I had a great time listening to this week’s discussion as much as last week.
In response to Remi’s question, I had two things come to mind.
First, I was trying to think of ways to incorporate beacon-technology that utilizes Bluetooth pinging. There are Bluetooth enabled stickers/small objects that send a signal after a programmed stimulus. These can document when a particular behavior is performed. In terms of the interaction with their physical space, researchers can see how students or facilitators move/interact in the classroom.
Second, I think it could be informative to see how students perform the researcher role. For instance, one member of each team could do some ethnography-style observations of how their team approaches solving their FUSE task/challenge. This team member can take descriptive and qualitative notes. I see this as another student-participatory approach that may complement FUSE’s STEAM focus.
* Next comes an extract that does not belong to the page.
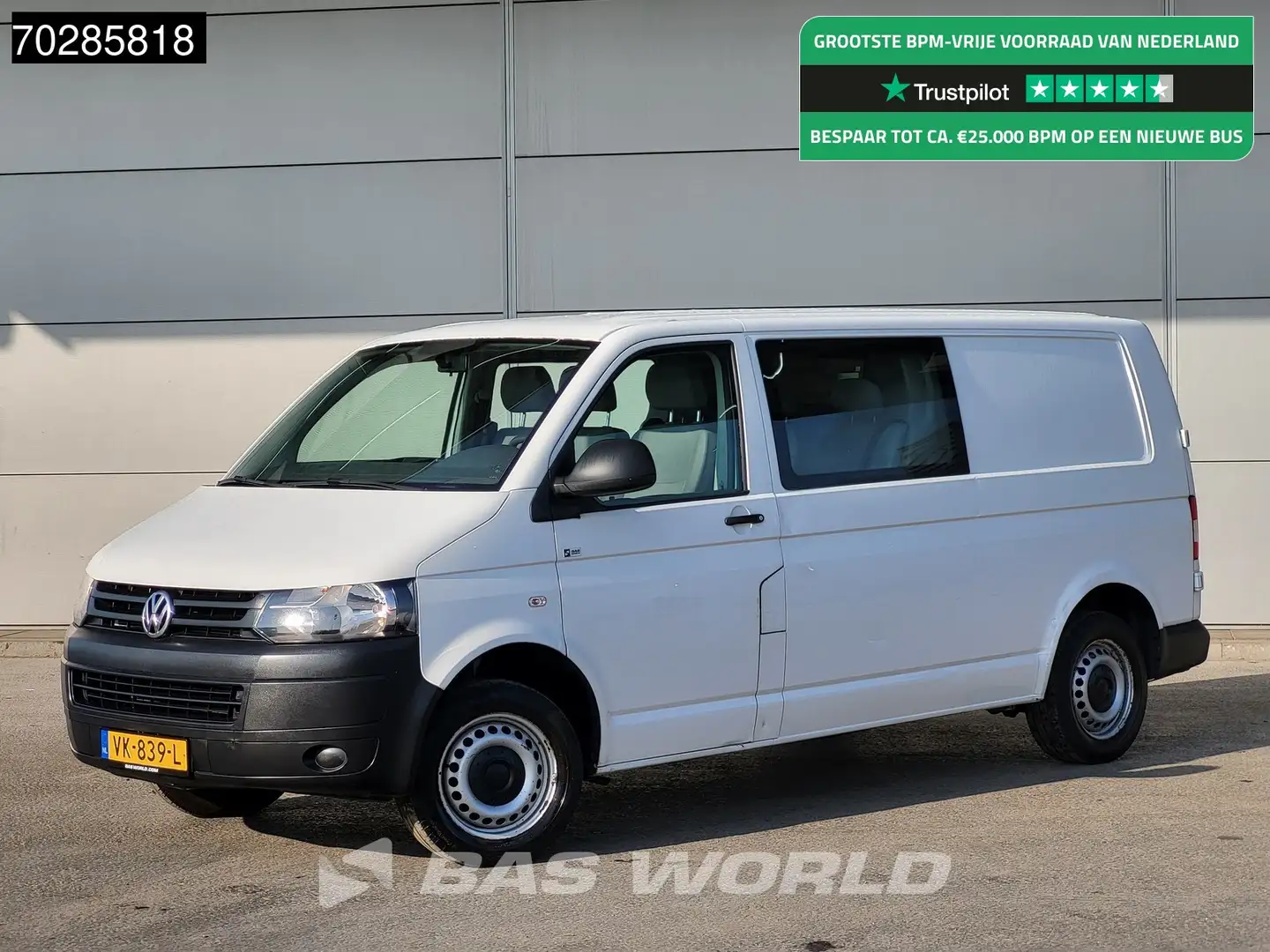 Volkswagen Transporter 84PK Dubbel Cabine Trekhaak DC Doka Mixto 6m3 Trek Blanco - 1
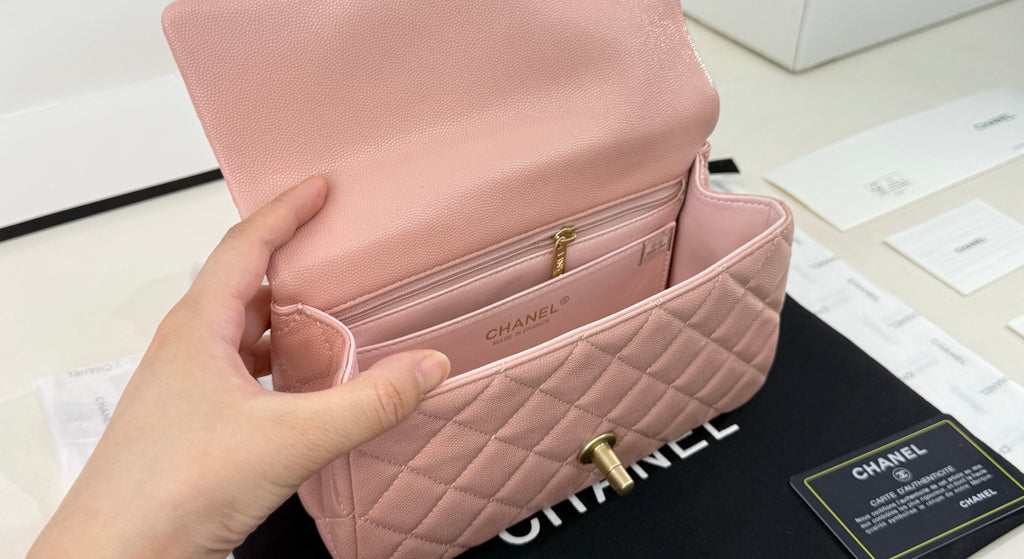 Chanel Inspired top handle bag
There could be a way to incorporate both the points above. For instance, if a facilitator can place a Bluetooth sticker in different sections of the studio-room. Deciding where to place the stickers can be decided by FUSE researchers and the class’ facilitators. Next, the facilitator can provide one member of each student team another sticker/pendant. So throughout the day’s session, the student with the pendant can follow their team members around. The pendant will ping whenever the pendant hits another Bluetooth sticker’s area of response.
Ultimately, this approach could provide real-time spatial data about how long and where students move within the studio. Also, the information provided by the student ethnographer can provide more context. I believe this method can be further fleshed out. For instance, you could observe how often students with Bluetooth pendants cross paths. Or perhaps provide a facilitator with a beacon and see how often and when students interact with them. One question that comes from this is to see if facilitators tend to approach students or vice-versa. The student observer can then document this interaction. For instance, did the students call the professor across the room to come over or did the facilitator walk over to the students? Overall, this could be a dynamic experiment to understand the use of physical space (and with other participants). This could also be revisited in the class as a debrief session.